A STORY OF THE PAST A dinosaur wanders through a pre-historic swamp. It places one of its huge feet in some soft mud and leaves both an iconic and indexical sign of its existence. A volcano explodes, covering the mud with lava, and fixing the footprint for ever. Time passes. A paleontologist excavates the fossilized footprint. He makes a plaster cast and places it in a museum. We come to visit the dinosaur exhibit. As we look at the footprint we shudder slightly. We can almost feel the ground shake under us as the ghostly dinosaur lumbers past. We shake our heads in wonderment: “so long ago, so much time has passed, yet it seems so close”.

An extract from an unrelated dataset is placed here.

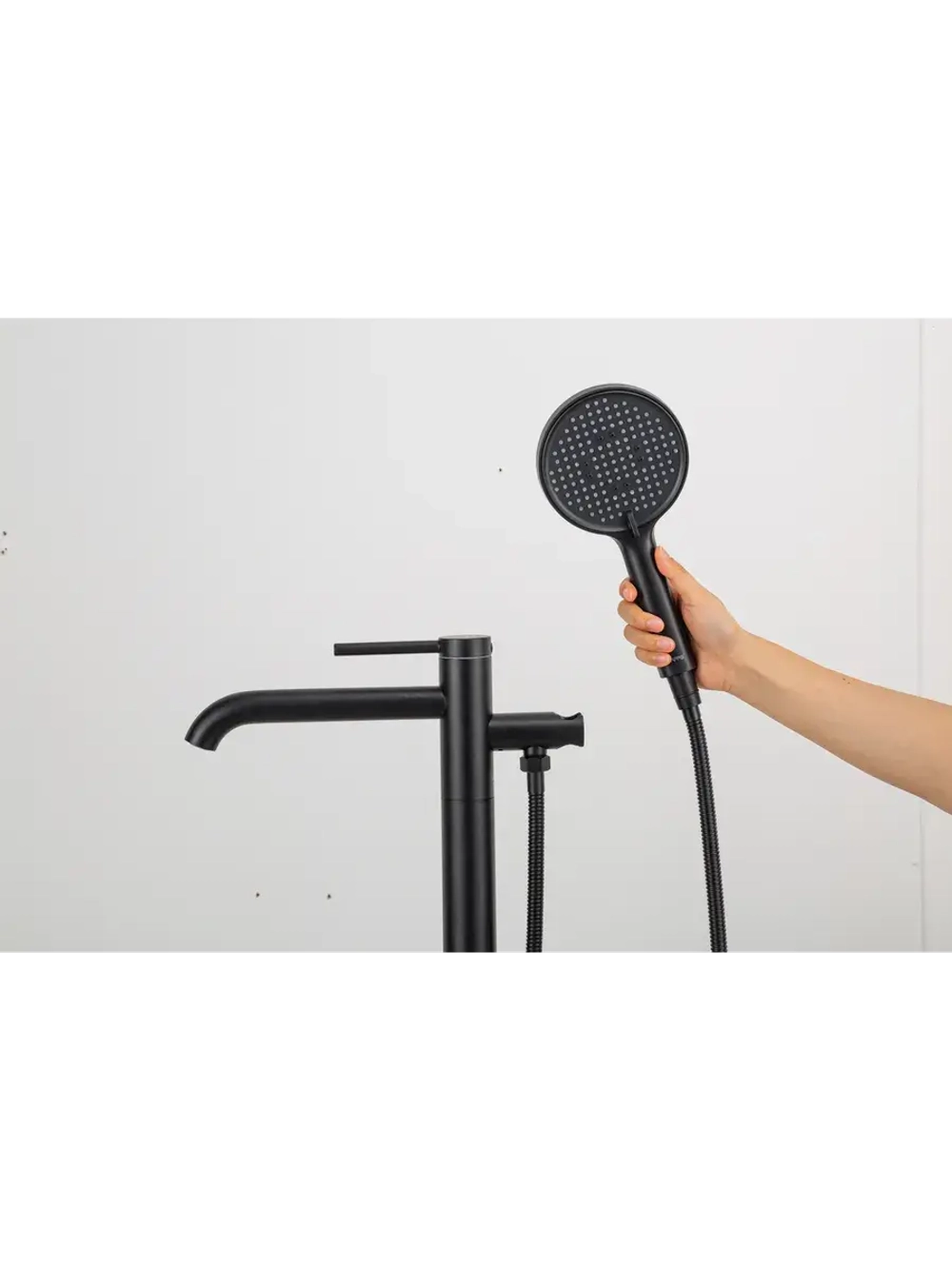 Смеситель для ванны напольный GAPPO G3006-6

Now it is no longer pre-history, no longer the Pleistocene Period. Now it is History, history with a capital H, Australia’s Official Bicentennial History — the Sepia-Toned Period. A photographer wanders through South Australia with social habits and a perceptual apparatus almost as open to speculation
as the dinosaur’s. He places the legs of his tripod on the ground, they leave a faint impression. He takes a photograph. Eventually it finds its way into a museum. We visit. We feel a slight shudder: “so long ago, so much time, yet it seems so close”.
Then we dream: what if we went back to that spot, got down on our hands and knees, gently ran our fingers over the ground and, by some miracle, found those three faint impressions from the feet of the photographer’s tripod. And what if we put our camera there, and took another photograph of exactly the same scene, but one hundred years, and several historical and social cataclysms later?
What if we displayed both photographs side by side in a museum? What shudders we would feel! What glowing auras of proximate distance we would bathe in! What mysteries of history we would create!
THE SOUTH AUSTRALIA
REPHOTOGRAPHED PROJECT Despite the Project’s prosaic title and its pretentions to scientific validity, it is essentially this intoxicating dream which underlies South Australia Rephotographed.
By presenting two photographs of the same scene, but separated by approximately a century’s worth of time, the Project may well teach us something about South Australian History. On the level of the photographs’ symbolic modality we may perhaps learn the extent to which South Australia’s social customs have changed. On the level of the photographs’ iconic modality we may perhaps learn the extent to which the topography and architecture of South Australia has changed. However it will be on the level of the photographs’ indexical modality that our essential fascination with the Project will lie. This fascination will remain unutterable, outside the Project’s pedagogics. Our fascination is with time itself, rather than history. Our thrill comes from time travel, rather than the specifics of historical change.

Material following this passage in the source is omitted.